▶ **Required action**:
All records below are to be repeated exactly, with the pictures left out.

(Stored records)
━━━━━━━━━━
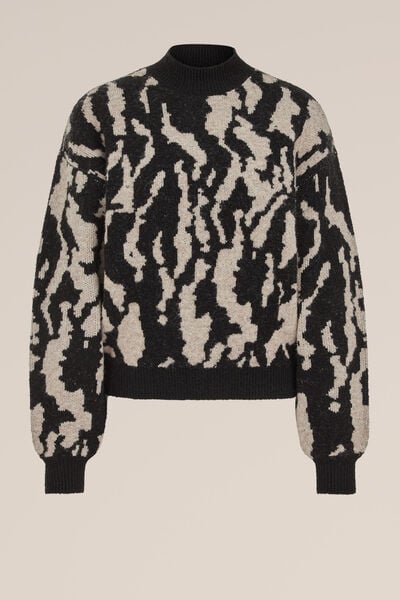 WE Fashion - Dames trui met print - Regular fit - Zwart - Maat: XS
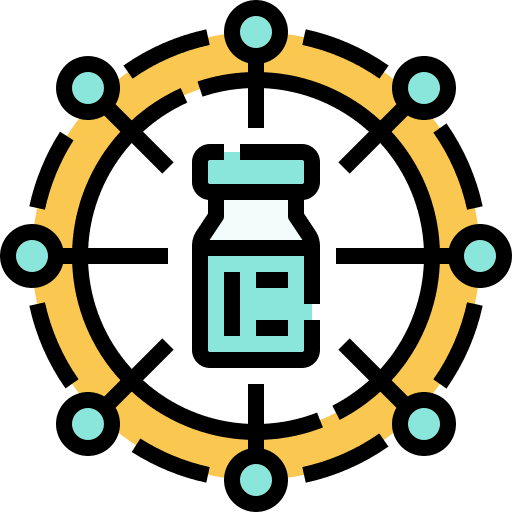 Distribution center researcher network distribute icon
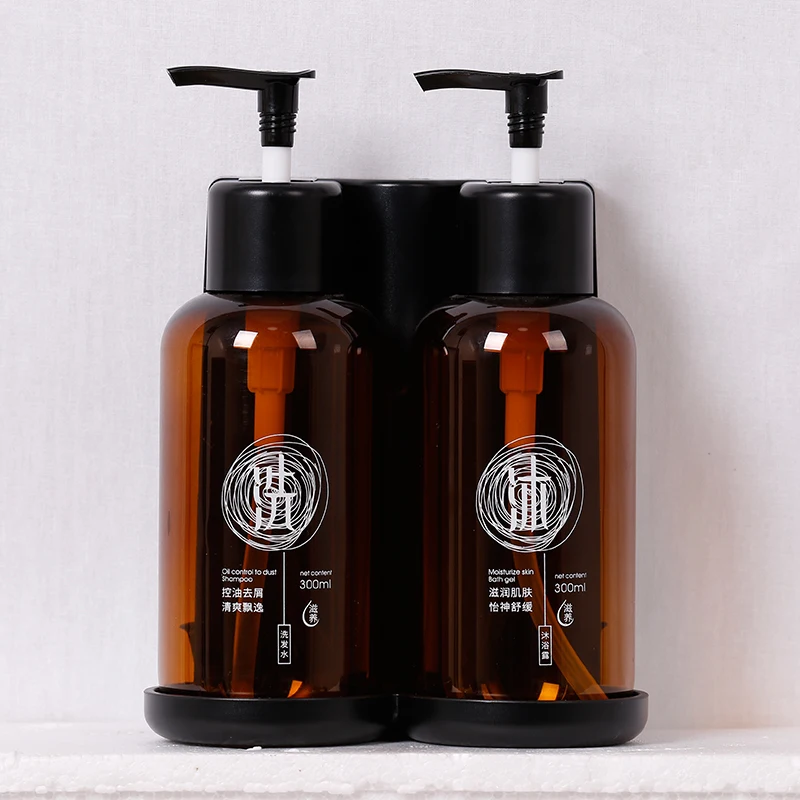 Factory Wholesale Hotel Black Soap Dispenser Plastic Manual Bathroom 300ml Double Hand Shampoo Shower Soap Liquid Dispenser Set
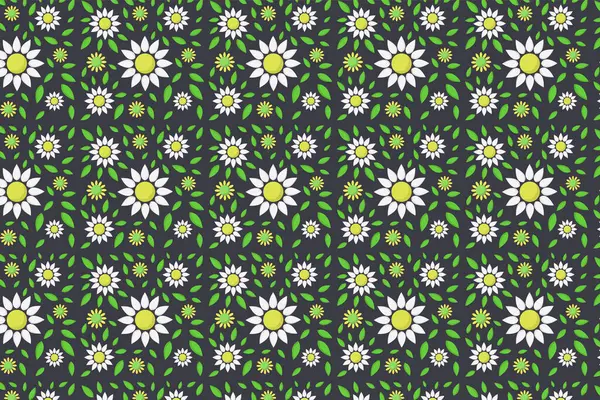 Yeşil arka planda papatya, papatya ve papatya desenli kusursuz çiçek deseni. vektör illüstrasyonu.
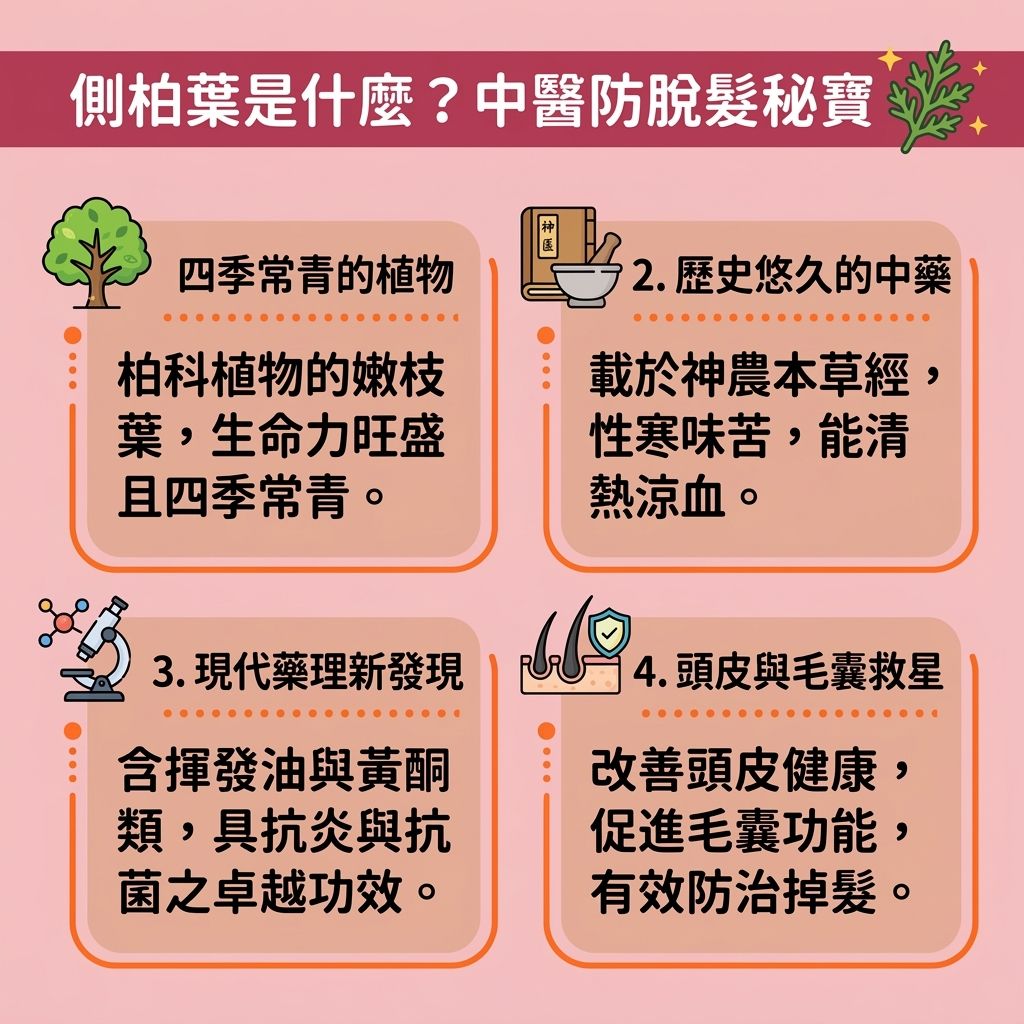 這是一張台灣健康部落格風格的 1:1 正方形扁平化資訊圖表,詳細介紹了側柏葉的功效。圖表說明中醫認為它能調理氣血與肝腎,是極佳的天然防脫髮方法。許多人面對脫髮、斑禿、白髮或脂溢性脫髮時,會尋求專業的中醫調理脫髮。透過側柏葉洗頭功效,能改善頭皮出油、舒緩頭皮痕癢並促進血液循環(達致活血化瘀生髮),從而刺激毛囊生長與延緩毛囊萎縮。
圖中比較了各種民間偏方,例如側柏葉煮水洗頭、搭配生薑或米酒的側柏葉泡酒生髮等側柏葉生髮偏方。這些方法富含營養素,能加速新陳代謝,促進黑色素生成,幫助預防白髮變黑,並有效強化髮根健康。無論是為了解決頭髮稀疏、達致脂溢性脫髮改善,或是尋求改善產後脫髮的對策,使用含有此成分的洗頭水(可參考側柏葉洗頭水推薦)都能減少掉髮數量,保護頭皮、髮根與毛囊,最終促進頭髮生長。當然,使用前應充分了解側柏葉副作用,必要時請教皮膚科醫生,以確保安全。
━━━━━━━━━━
▶ **Exercise response**:
 WE Fashion - Dames trui met print - Regular fit - Zwart - Maat: XS
 Distribution center researcher network distribute icon
 Factory Wholesale Hotel Black Soap Dispenser Plastic Manual Bathroom 300ml Double Hand Shampoo Shower Soap Liquid Dispenser Set
 Yeşil arka planda papatya, papatya ve papatya desenli kusursuz çiçek deseni. vektör illüstrasyonu.
 這是一張台灣健康部落格風格的 1:1 正方形扁平化資訊圖表,詳細介紹了側柏葉的功效。圖表說明中醫認為它能調理氣血與肝腎,是極佳的天然防脫髮方法。許多人面對脫髮、斑禿、白髮或脂溢性脫髮時,會尋求專業的中醫調理脫髮。透過側柏葉洗頭功效,能改善頭皮出油、舒緩頭皮痕癢並促進血液循環(達致活血化瘀生髮),從而刺激毛囊生長與延緩毛囊萎縮。
圖中比較了各種民間偏方,例如側柏葉煮水洗頭、搭配生薑或米酒的側柏葉泡酒生髮等側柏葉生髮偏方。這些方法富含營養素,能加速新陳代謝,促進黑色素生成,幫助預防白髮變黑,並有效強化髮根健康。無論是為了解決頭髮稀疏、達致脂溢性脫髮改善,或是尋求改善產後脫髮的對策,使用含有此成分的洗頭水(可參考側柏葉洗頭水推薦)都能減少掉髮數量,保護頭皮、髮根與毛囊,最終促進頭髮生長。當然,使用前應充分了解側柏葉副作用,必要時請教皮膚科醫生,以確保安全。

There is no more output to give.